В это время маркграф Теодорик и герцог Бернард захватили славянские земли, овладев один восточной их частью, другой — западной. Их «безрассудство заставило славян стать вероотступниками»[252]. Потому что эти, до сих пор еще неискушенные в вере, языческие народы, с которыми некогда лучшие государи с великой лаской обращались, умеряя свою суровость в отношении тех, к спасению коих усердно стремились, оба они с такой жестокостью преследовали, что те, сбросив иго, пытались защищать свою свободу оружием.
«Князьями у винулов были Мстивой и Мечидраг, под руководством которых вспыхнул мятеж»[253] Как говорят и как известно по рассказам древних народов, Мстивой просил себе в жены племянницу герцога Бернарда, и тот [ему ее] обещал. Теперь этот князь винулов, желая стать достойным обещания, [отправился] с герцогом в Италию, имея [при себе] тысячу всадников, которые были там почти все убиты. Когда, вернувшись из похода, он попросил обещанную ему девицу, маркграф Теодорик отменил это решение, громко крича, что не следует отдавать родственницу герцога собаке[254]. Услышав это, Мстивой с негодованием удалился. Когда же герцог, переменив свое мнение, отправил за ним послов, чтобы заключить желаемый брак, он, как говорят, дал такой ответ: «Благородную племянницу великого государя следует с самым достойным мужем соединить, а не отдавать ее собаке. Великая милость оказана нам за нашу службу, так что нас уже собаками, а не людьми считают. Но если собака станет сильной, то сильными будут и укусы, которые она нанесет». Сказав так, он вернулся в Славию. Прежде всего он направился в город Ретру, что в земле лютичей. Созвав всех славян, живущих на востоке, он рассказал им о нанесенном ему оскорблении и о том, что на языке саксов славяне собаками называются. И они сказали: «Ты страдаешь по заслугам, ибо, отвергая своих, ты стал почитать саксов, народ вероломный и жадный. Поклянись же нам, что ты бросишь их, и мы станем с тобой». И он поклялся.

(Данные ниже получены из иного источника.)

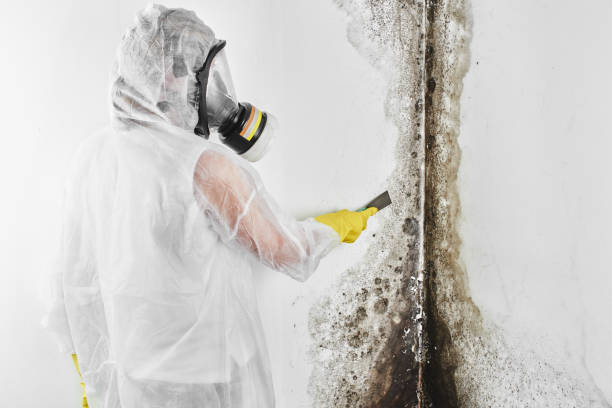 Best Attic Mold Removal  in Madison, MN
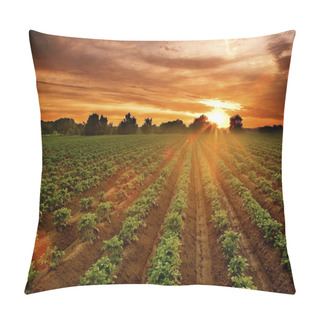 Personality  Sunset On The Potato Field Pillow Covers
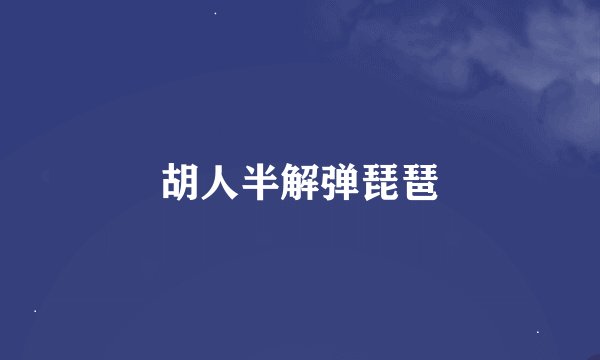 胡人半解弹琵琶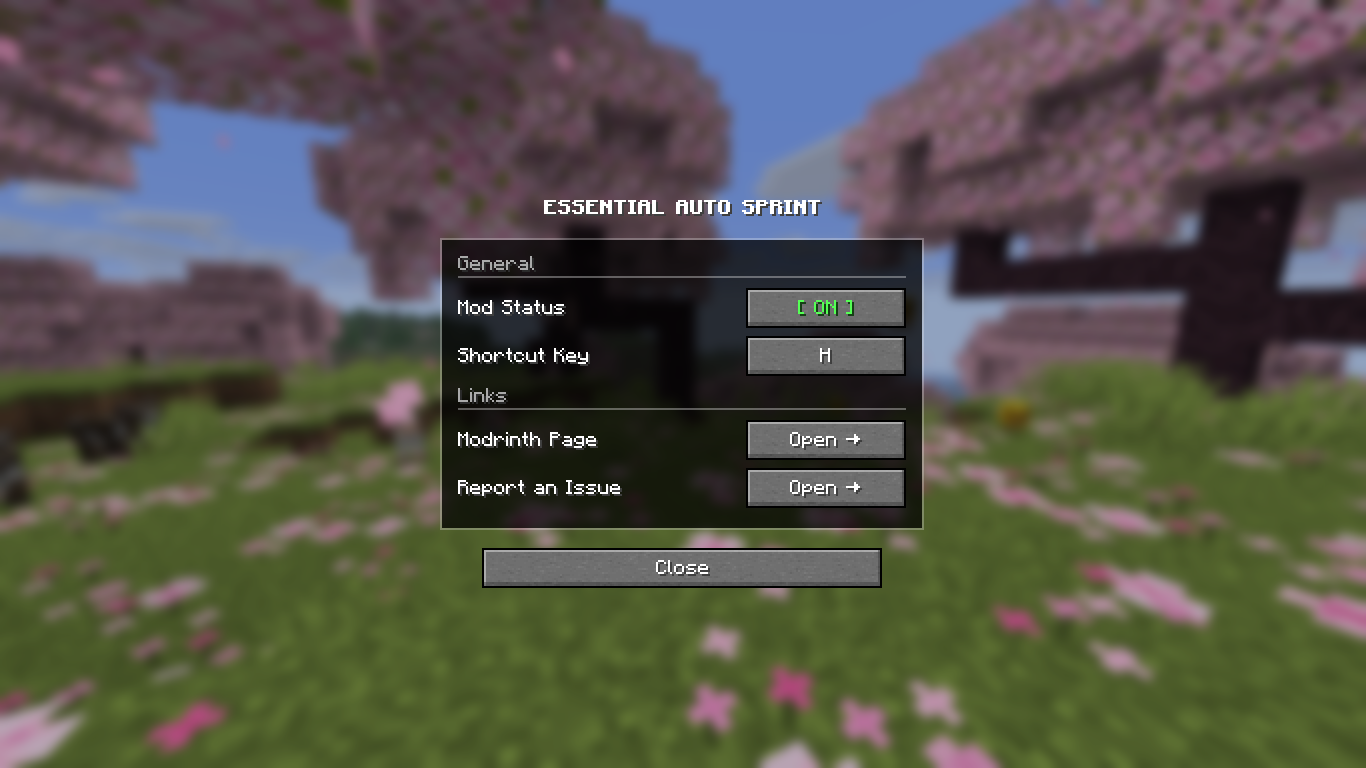 Essential Auto Sprint Interface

Когда герцог Бернард поднял при таких обстоятельствах оружие против императора, славяне, Используя удобное время, собрали войско и «сначала опустошили мечом и огнем всю Нордальбингию, затем, пройдя остальную Славию, сожгли и разрушили все до одной церкви, священников же и других служителей церкви разными истязаниями замучили, не оставив по ту сторону Альбии и следа от христианства», «в Гамбурге же в это время и позднее многих из священников и городских жителей в плен увели, многих из ненависти к христианству поубивали»[255]. Старцы славянские, которые хранят в памяти все деяния язычников, рассказывают, «что больше всего христиан оказалось в Альденбурге. Перерезав всех их, как скот, 60 священников они оставили на поругание. Главный из них в этом городе носил имя Оддар. Вместе с остальными он был предан такой мученической смерти: разрезав железом кожу на голове в форме креста, вскрыли, таким образом, у каждого мозг, потом связали им руки за спиной и так водили исповедников божьих по всем славянским городам, пока они не умерли. Так, превращенные в зрелище для ангелов и людей, они испустили дух посреди своего [мученического] пути, как победители. О многом, подобном этому, совершавшемся в. то время в разных славянских и нордальбингских землях, вспоминают старые [люди], но из-за отсутствия тогда хронистов [все это] принимается теперь за басни. Столько мучеников было тогда в славянских землях, что о всех едва ли можно написать в [одной] книге»[256].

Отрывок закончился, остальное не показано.